Une deuxième victime, âgée de 9 ans en 1991 lorsqu'elle est violée par le chirurgien à Loches, vient à son tour à la barre.Contrairement à Orianne, elle ne se souvient de rien et la cour s'en remet aux violences méticuleusement consignées par l'ex-chirurgien dans ses carnets.

"J'attends la vérité" pour pouvoir avancer, lâche cette victime.

L'accusé ne conteste pas les faits mais n'a là non plus pas de souvenirs."Je ne vais pas inventer ce que j'ai oublié", s'agace-t-il sur une question de la présidente.

C'est au tour de Virginie (son vrai prénom, avec son accord) de témoigner à la barre du choc subi lorsque les gendarmes lui annoncent en 2019 les sévices décrits par Joël Le Scouarnec dans ses carnets, et des souffrances que cela déclenchera chez elle.

La quadragénaire n'avait aucun souvenir des viols répétés infligés par l'accusé.Enjouée jusqu'alors, elle s'effondre, prend 25 kg et passe près de six mois en hôpital psychiatrique en raison de "pensées suicidaires". 

Son époux, partie civile en tant que victime indirecte, a ressenti le "besoin" d'être à ses côtés à la barre pour l'épauler mais aussi montrer à l'accusé "que les conséquences vont au-delà" des seuls enfants violentés et que "beaucoup de familles sont malheureuses".

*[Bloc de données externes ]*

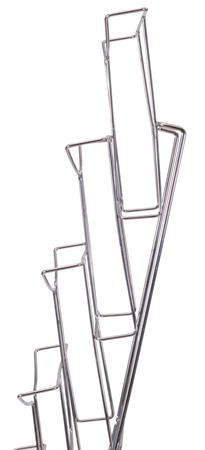 Katalógustartó, fali, A4, 21 rekeszes, ALBA, ezüst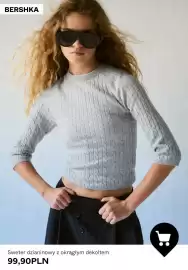 Bershka gazetka tydzień 43 Strona 8: Sweter dzianinowy z okrągłym dekoltem Bershka €99,90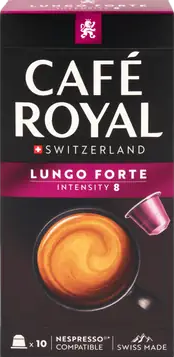 Café lungo forte intensité 8 - 10 capsules compatibles Nespresso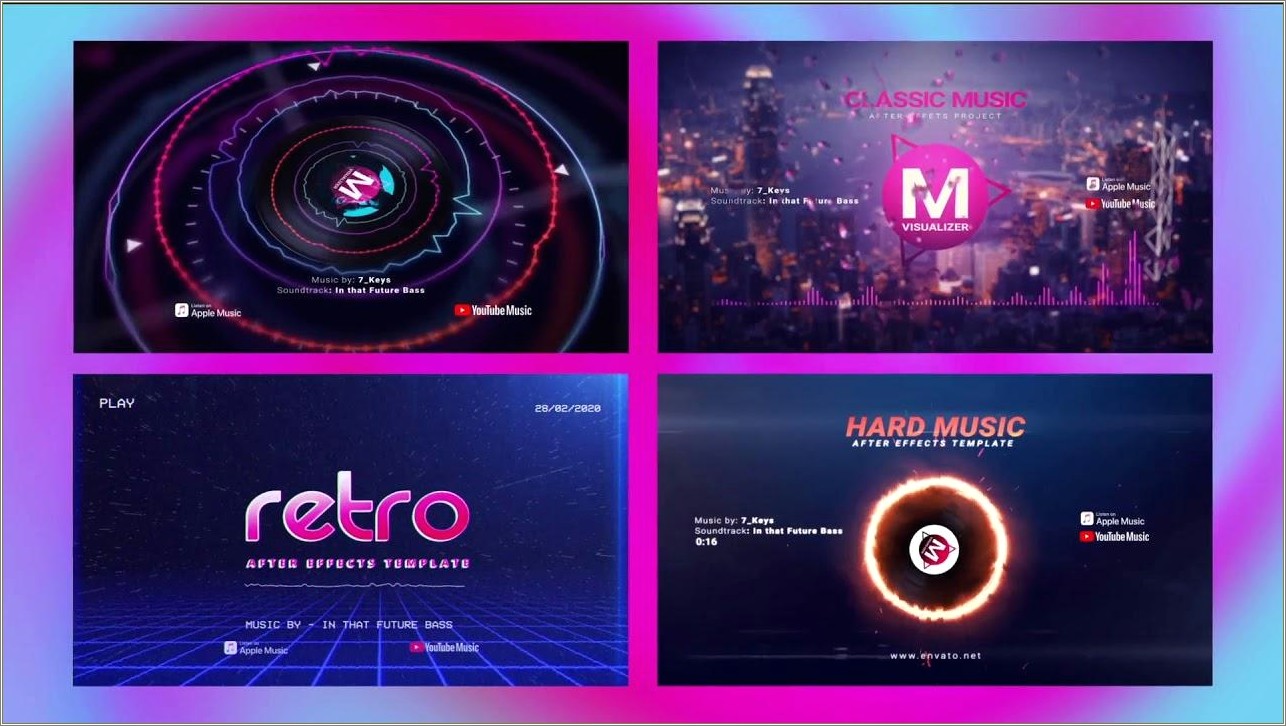Free Dawload Magic Music Event After Effects Template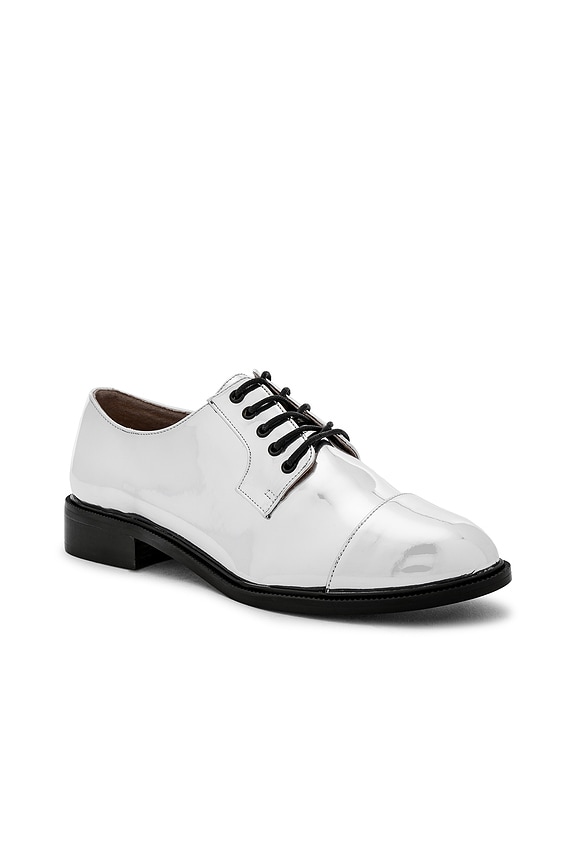 view 2 of 5 x House Of Harlow 1960 Kane Oxford in Silver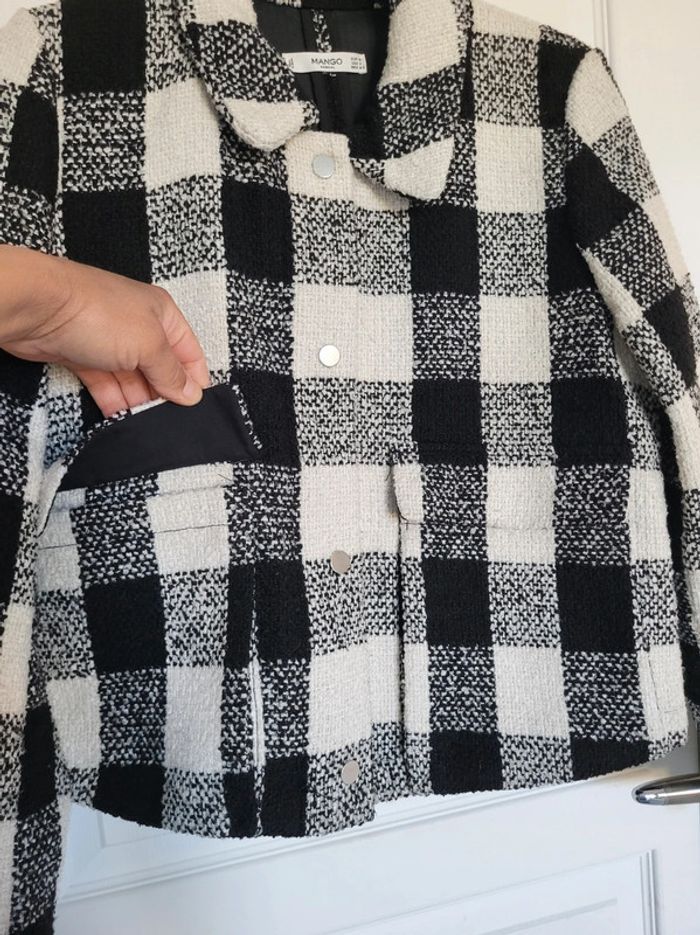 Veste Mango à carreaux chaude épaisse M - photo numéro 3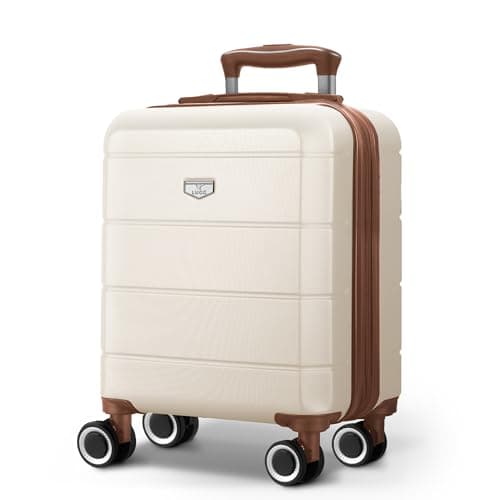 Image of LUGG 15 Inch Jetset Lightweight Travel Cabin Bag Carry On Approved Suitcase ABS Shell Protection Water Resistant & Safe Locking System Easyjet Free Under seat Luggage (45x33x20cm)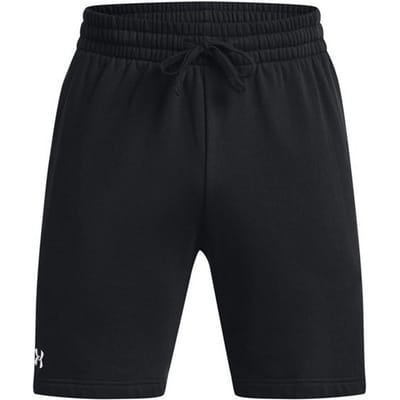 Under Armour Heren Rival Fleece Korte Broek (Zwart/Wit)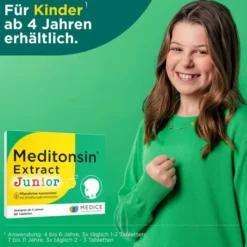 Meditonsin Extract Junior pflanzliche Erkältungstabletten 60 Stück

"Je prends aujourd'hui la mesure des conséquences de ce que j'ai fait (...) c'était ignoble et immonde", assure Joël Le Scouarnec, qui reconnaît ces viols, "désolé".

La dernière victime auditionnée de la journée s'avance et décline son identité, comme un défi à l'accusé qu'elle dévisage dans son box.C'est la fille d'un collègue de l'ex-chirurgien, agressée lorsqu'elle avait 2 ans en 1989.

Comme Virginie, elle ne se souvenait de rien et "s'effondre" lorsqu'on lui apprend qu'elle figure dans les fameux carnets.

Elle est elle-même devenue chirurgien et dit se méfier maintenant de tous les individus masculins, dans sa vie privée ou professionnelle: "A chaque fois que j’opère un enfant j’y pense, à chaque fois!", lâche-t-elle. 

L'audition des victimes se poursuit vendredi.